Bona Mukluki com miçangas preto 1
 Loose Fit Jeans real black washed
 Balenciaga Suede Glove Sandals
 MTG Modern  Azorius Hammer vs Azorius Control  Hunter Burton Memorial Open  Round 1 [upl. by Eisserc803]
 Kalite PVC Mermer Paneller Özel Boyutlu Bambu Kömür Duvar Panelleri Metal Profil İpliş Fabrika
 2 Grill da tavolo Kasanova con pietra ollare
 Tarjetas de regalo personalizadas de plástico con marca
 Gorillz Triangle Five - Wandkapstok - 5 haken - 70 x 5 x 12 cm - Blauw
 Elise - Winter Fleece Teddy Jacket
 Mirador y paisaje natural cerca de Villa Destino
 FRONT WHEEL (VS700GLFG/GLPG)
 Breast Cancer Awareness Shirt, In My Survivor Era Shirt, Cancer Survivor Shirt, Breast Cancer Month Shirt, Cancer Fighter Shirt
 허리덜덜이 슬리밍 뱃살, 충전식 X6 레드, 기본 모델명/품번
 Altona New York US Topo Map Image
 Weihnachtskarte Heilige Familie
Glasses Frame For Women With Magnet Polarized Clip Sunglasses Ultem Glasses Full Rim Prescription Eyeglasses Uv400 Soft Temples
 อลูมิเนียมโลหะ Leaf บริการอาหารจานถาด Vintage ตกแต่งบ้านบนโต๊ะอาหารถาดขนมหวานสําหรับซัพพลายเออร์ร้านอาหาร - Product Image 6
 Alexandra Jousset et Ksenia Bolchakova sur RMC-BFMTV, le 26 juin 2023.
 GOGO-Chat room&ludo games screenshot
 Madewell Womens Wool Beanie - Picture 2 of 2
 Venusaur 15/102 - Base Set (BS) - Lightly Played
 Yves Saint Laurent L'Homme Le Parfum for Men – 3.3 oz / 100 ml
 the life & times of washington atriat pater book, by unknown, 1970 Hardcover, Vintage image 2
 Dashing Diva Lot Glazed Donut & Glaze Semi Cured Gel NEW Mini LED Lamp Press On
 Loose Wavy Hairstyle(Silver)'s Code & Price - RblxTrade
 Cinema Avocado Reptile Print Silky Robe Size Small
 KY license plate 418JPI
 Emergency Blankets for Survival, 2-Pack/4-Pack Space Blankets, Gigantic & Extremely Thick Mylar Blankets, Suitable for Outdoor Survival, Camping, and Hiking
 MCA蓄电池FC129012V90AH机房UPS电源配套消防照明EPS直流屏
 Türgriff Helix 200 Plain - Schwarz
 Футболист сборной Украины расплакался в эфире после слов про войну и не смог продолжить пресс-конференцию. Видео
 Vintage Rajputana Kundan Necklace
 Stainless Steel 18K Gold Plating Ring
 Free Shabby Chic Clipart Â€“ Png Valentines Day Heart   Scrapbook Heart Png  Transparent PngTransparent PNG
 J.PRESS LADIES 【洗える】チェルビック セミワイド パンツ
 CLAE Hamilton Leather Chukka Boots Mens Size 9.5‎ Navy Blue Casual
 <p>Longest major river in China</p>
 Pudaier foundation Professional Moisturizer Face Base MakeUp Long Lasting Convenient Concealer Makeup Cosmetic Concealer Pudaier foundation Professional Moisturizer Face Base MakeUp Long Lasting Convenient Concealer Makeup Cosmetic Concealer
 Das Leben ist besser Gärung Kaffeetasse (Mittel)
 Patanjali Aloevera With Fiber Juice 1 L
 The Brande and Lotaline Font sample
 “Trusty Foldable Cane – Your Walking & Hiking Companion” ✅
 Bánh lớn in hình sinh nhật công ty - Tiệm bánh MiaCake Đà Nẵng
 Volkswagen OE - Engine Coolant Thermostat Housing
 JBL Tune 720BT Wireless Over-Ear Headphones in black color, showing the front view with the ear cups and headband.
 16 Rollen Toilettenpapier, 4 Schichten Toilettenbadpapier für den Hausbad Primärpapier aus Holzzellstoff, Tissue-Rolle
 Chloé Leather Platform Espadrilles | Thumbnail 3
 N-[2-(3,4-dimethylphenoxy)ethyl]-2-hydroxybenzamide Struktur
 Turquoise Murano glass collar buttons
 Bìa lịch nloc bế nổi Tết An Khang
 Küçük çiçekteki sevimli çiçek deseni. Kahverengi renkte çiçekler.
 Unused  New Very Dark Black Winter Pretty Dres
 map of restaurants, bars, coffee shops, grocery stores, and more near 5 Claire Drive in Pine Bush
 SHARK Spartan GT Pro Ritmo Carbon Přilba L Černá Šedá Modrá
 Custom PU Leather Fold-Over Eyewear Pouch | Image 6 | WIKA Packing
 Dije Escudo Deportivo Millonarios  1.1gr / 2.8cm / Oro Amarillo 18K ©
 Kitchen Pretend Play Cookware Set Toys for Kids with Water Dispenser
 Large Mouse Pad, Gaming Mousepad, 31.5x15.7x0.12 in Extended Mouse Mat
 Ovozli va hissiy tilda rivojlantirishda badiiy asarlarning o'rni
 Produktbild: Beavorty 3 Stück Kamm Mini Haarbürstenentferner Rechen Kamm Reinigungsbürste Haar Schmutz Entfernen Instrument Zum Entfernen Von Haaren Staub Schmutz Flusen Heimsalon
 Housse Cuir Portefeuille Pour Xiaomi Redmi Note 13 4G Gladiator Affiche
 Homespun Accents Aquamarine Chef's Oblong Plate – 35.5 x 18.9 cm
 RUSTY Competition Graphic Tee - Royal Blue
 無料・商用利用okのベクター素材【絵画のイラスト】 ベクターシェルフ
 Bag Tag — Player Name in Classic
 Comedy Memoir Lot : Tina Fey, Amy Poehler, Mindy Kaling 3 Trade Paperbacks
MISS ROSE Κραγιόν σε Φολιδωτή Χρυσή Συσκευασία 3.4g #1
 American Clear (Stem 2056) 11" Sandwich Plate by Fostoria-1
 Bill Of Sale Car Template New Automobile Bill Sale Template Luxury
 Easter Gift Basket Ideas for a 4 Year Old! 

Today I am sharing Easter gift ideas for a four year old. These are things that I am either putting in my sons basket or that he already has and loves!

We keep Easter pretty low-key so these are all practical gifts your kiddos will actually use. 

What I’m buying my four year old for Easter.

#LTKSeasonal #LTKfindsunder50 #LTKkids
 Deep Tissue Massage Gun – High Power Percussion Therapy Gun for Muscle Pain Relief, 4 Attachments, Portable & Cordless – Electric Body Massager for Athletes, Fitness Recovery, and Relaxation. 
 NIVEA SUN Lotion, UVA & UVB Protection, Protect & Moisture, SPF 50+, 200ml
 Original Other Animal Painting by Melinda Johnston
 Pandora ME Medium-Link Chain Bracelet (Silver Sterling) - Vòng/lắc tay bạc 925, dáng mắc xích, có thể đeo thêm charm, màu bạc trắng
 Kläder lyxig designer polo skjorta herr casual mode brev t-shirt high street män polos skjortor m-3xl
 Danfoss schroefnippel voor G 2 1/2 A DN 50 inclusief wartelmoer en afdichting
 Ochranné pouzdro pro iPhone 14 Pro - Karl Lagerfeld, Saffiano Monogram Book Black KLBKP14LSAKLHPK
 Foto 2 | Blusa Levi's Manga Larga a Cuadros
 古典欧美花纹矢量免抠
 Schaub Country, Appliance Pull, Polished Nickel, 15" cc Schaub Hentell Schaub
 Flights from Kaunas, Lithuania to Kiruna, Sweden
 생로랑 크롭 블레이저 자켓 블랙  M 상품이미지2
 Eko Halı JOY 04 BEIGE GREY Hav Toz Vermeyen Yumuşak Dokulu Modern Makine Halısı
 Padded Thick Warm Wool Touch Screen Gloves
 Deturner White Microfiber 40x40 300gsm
* * * *
TRY IT
Beginning with the line containing "Turquoise Murano glass collar buttons" in the material above, copy every line exactly until you have copied the line containing "Large Mouse Pad, Gaming".

ANSWER FOR THIS EXERCISE
 Turquoise Murano glass collar buttons
 Bìa lịch nloc bế nổi Tết An Khang
 Küçük çiçekteki sevimli çiçek deseni. Kahverengi renkte çiçekler.
 Unused  New Very Dark Black Winter Pretty Dres
 map of restaurants, bars, coffee shops, grocery stores, and more near 5 Claire Drive in Pine Bush
 SHARK Spartan GT Pro Ritmo Carbon Přilba L Černá Šedá Modrá
 Custom PU Leather Fold-Over Eyewear Pouch | Image 6 | WIKA Packing
 Dije Escudo Deportivo Millonarios  1.1gr / 2.8cm / Oro Amarillo 18K ©
 Kitchen Pretend Play Cookware Set Toys for Kids with Water Dispenser
 Large Mouse Pad, Gaming Mousepad, 31.5x15.7x0.12 in Extended Mouse Mat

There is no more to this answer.